Dr. Titus Okunrounmu, a former director at the Central Bank of Nigeria, highlights how tariff hikes, alongside fuel subsidy removal and currency depreciation, compel importers to raise prices.

The President of the Nigerian Labour Congress, Joe Ajaero, criticizes the current economic state, advocating for the reinstatement of fuel subsidies and the reversal of other policies to alleviate the hardships faced by Nigerians.

Central to the economic management strategy is the creation of the Presidential Economic Coordination Council (PECC), chaired by President Tinubu. This council brings together key government officials, central bank governors, prominent economists, and business leaders to coordinate economic policies.

To address immediate economic challenges, President Tinubu established the Economic Management Team Emergency Taskforce (EET), tasked with developing and executing a six-month emergency economic plan.

Despite government efforts to explain that subsidy removal aims to redirect funds towards infrastructure development, criticisms persist. Okechukwu Unegbu, former president of the Chartered Institute of Bankers, blames the International Monetary Fund (IMF) for policies unsuitable to local conditions.

President Tinubu has introduced various measures, including funding for states to mitigate the impact of economic hardships.

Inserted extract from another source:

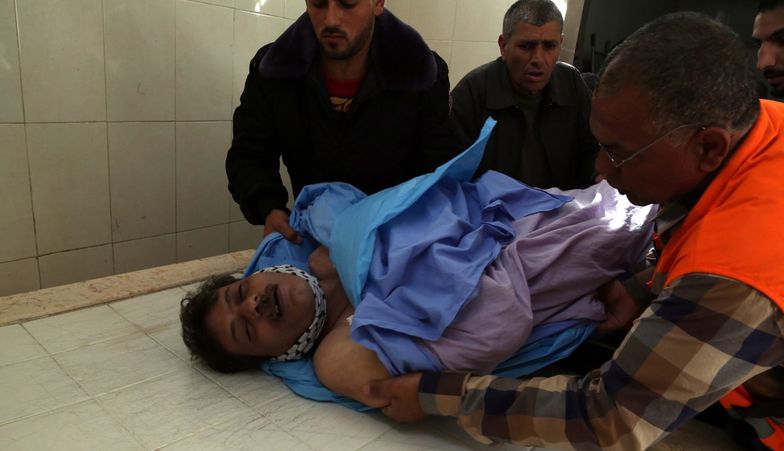Ciało Ziada Abu Eina w szpitalu.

Additionally, he initiated an overhaul of Nigeria’s economic governance structure to enhance coordination and productivity.

Other interventions include the introduction of affordable mass transit buses, investment in compressed natural gas-fueled buses, executive orders to address unfavorable fiscal policies, and funding initiatives to support small and medium-sized enterprises (SMEs) and agriculture.

As Nigerians endure these economic challenges, they eagerly await relief measures and hope for an improvement in their living conditions.